Data in this exercise
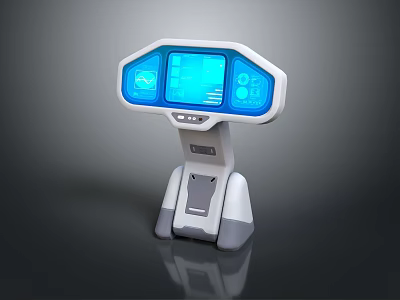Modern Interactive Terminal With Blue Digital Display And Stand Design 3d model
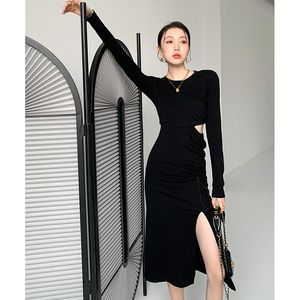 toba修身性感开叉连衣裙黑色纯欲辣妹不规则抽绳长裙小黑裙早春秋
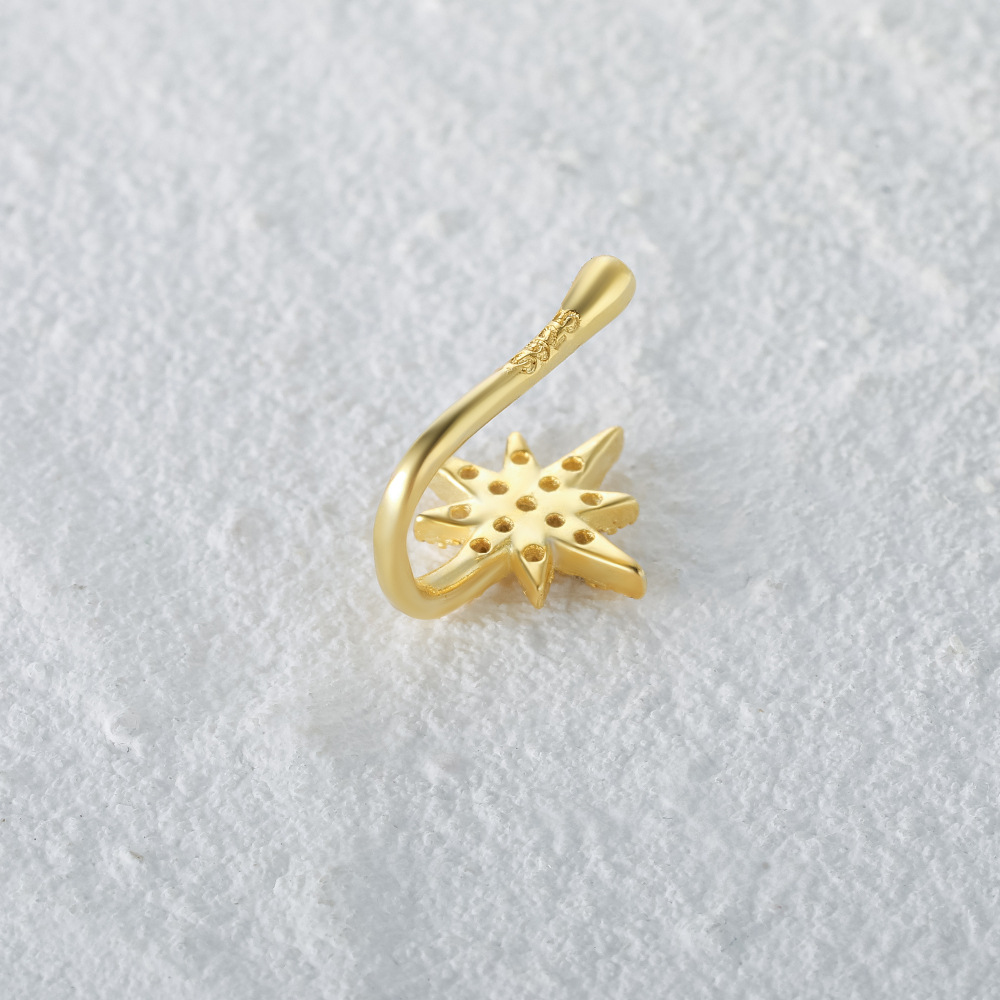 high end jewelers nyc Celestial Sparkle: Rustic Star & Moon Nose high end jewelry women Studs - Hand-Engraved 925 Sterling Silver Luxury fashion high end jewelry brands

==

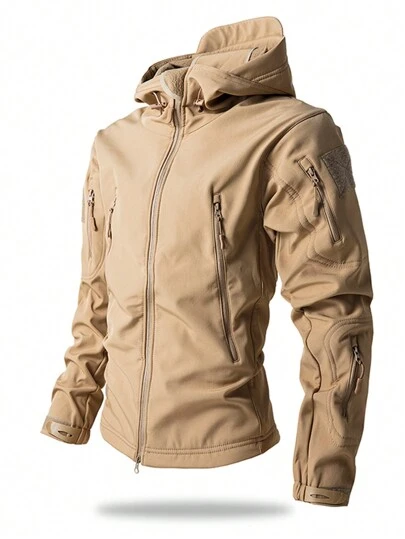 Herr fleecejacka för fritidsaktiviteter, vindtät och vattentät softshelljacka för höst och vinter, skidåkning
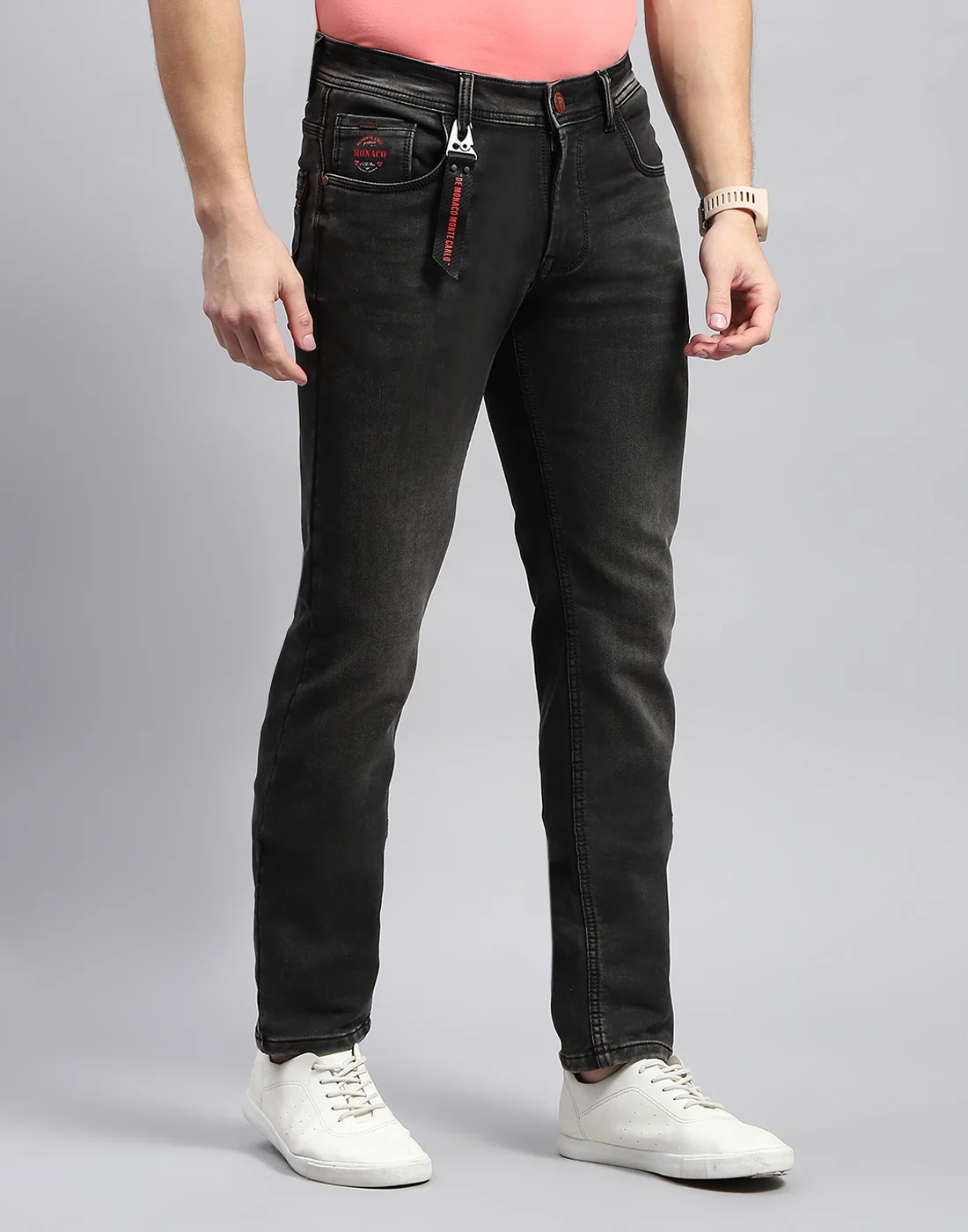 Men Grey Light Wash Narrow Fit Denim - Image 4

==

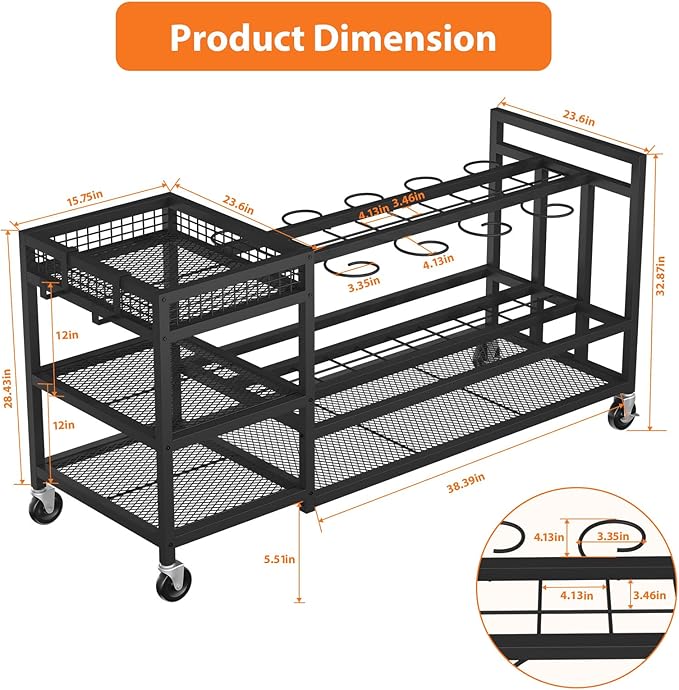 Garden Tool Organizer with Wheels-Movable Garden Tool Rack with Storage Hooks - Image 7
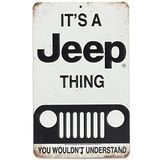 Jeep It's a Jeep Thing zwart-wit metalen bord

What you need to do
Only the lines of the listing above from the one with "Herr fleecejacka för" through the one with "Men Grey Light" should be output, exactly, with both ends kept and pictures left out.

Answer
 Herr fleecejacka för fritidsaktiviteter, vindtät och vattentät softshelljacka för höst och vinter, skidåkning
 Men Grey Light Wash Narrow Fit Denim - Image 4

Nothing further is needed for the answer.